------ DATA SEGMENT ------

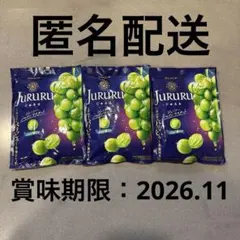 カンロ JURURU じゅるるシャインマスカット 50袋セット 2026年最新】カンロじゅるるシャインマスカットの人気アイテム - メルカリ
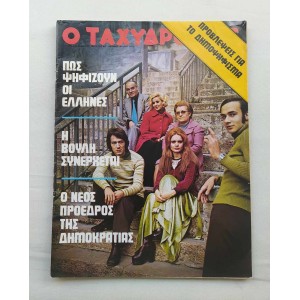 Ταχυδρόμος 1974 τεύχος 1078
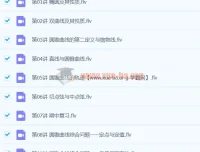 2020秋·目标强基计划 高二数学秋季课程（李昊伟）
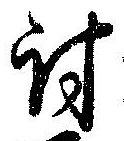 Đã định vị 討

------

**ACTIVITY:**
Return the listing above word for word. Keep the images out.

**EXPECTED ANSWER:**
 カンロ JURURU じゅるるシャインマスカット 50袋セット 2026年最新】カンロじゅるるシャインマスカットの人気アイテム - メルカリ
 Ταχυδρόμος 1974 τεύχος 1078
 2020秋·目标强基计划 高二数学秋季课程（李昊伟）
 Đã định vị 討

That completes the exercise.